::: DATA RECORDS

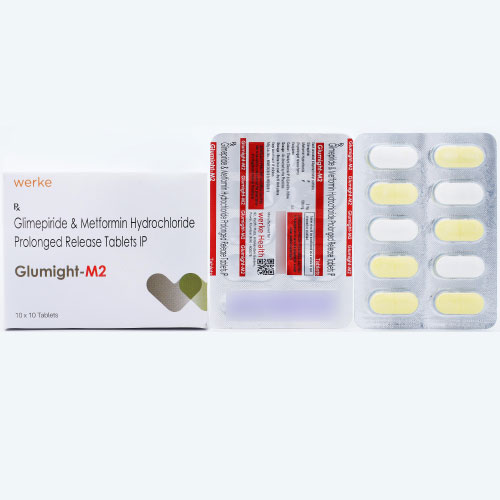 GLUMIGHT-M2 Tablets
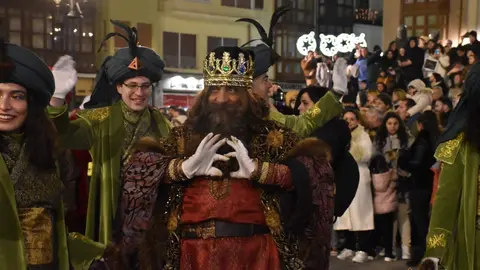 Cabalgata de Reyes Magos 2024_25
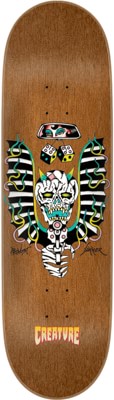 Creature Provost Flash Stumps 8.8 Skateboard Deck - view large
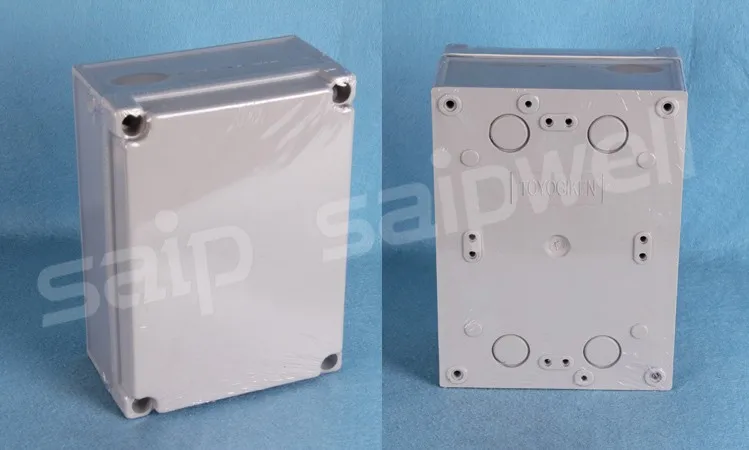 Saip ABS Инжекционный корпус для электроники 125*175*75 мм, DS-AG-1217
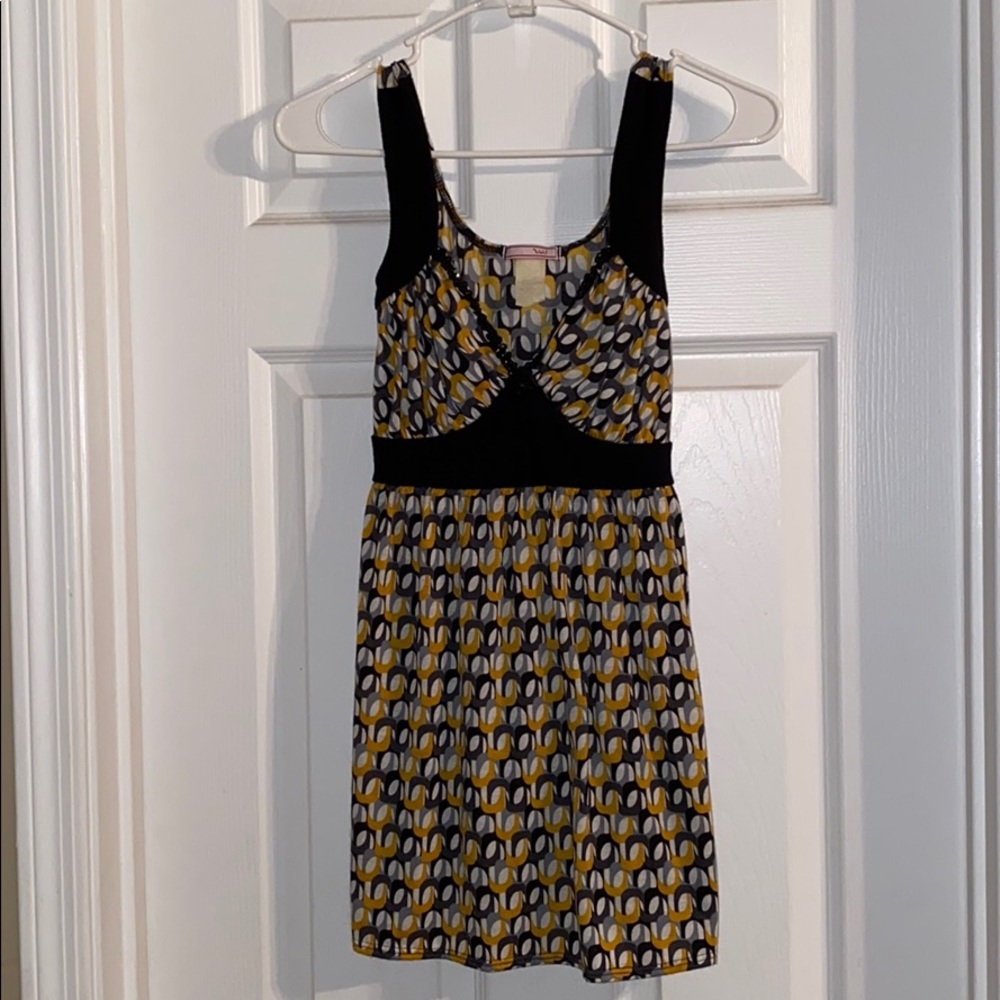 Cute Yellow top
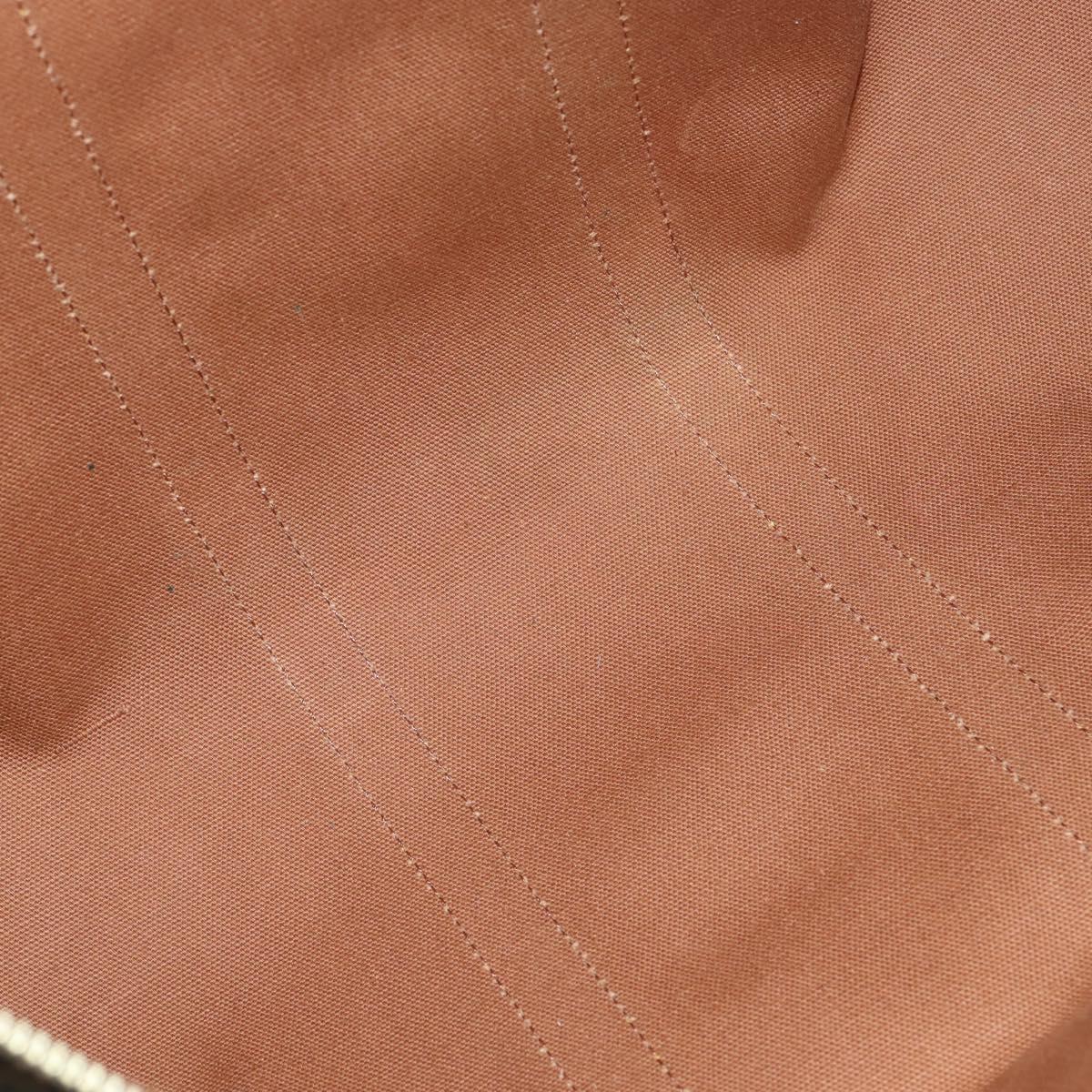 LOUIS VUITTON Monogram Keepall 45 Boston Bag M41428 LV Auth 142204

::::::
::: DATA RECORDS

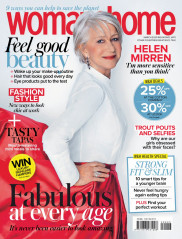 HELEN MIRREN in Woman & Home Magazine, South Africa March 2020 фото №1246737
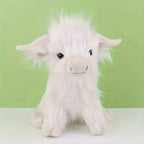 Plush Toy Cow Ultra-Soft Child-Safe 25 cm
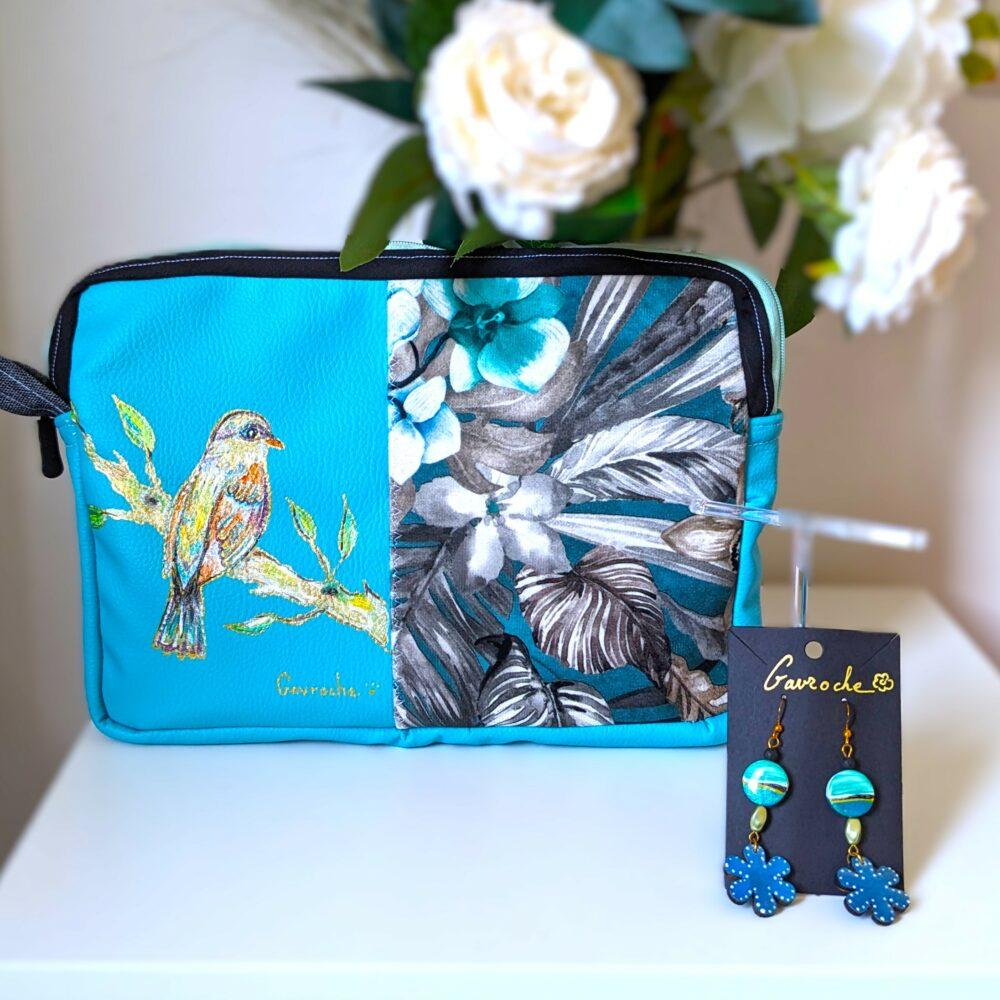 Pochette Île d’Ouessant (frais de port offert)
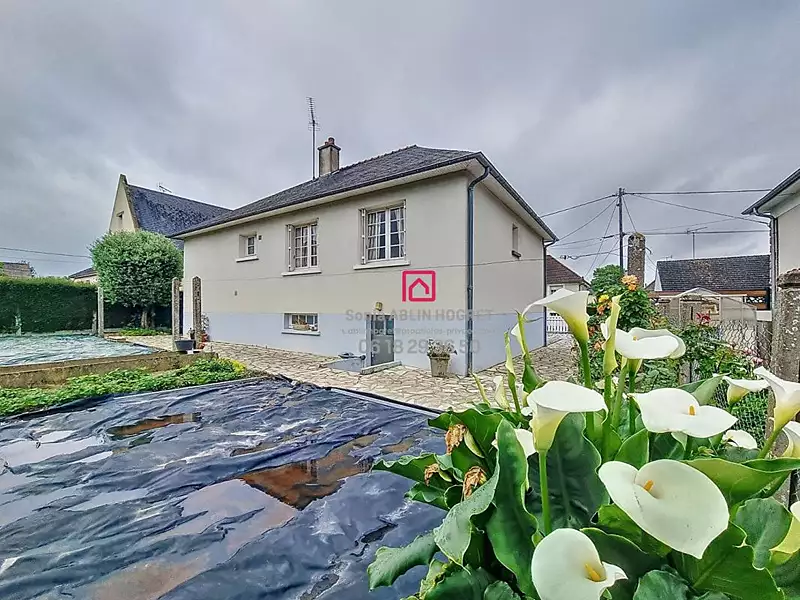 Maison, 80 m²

::::::

ABOUT THIS EXERCISE -
In the listing above, find the line with "Cute Yellow top" and the line with "LOUIS VUITTON Monogram". Set down both and every line between them, minus the pictures.

ANSWER BELOW -
 Cute Yellow top
 LOUIS VUITTON Monogram Keepall 45 Boston Bag M41428 LV Auth 142204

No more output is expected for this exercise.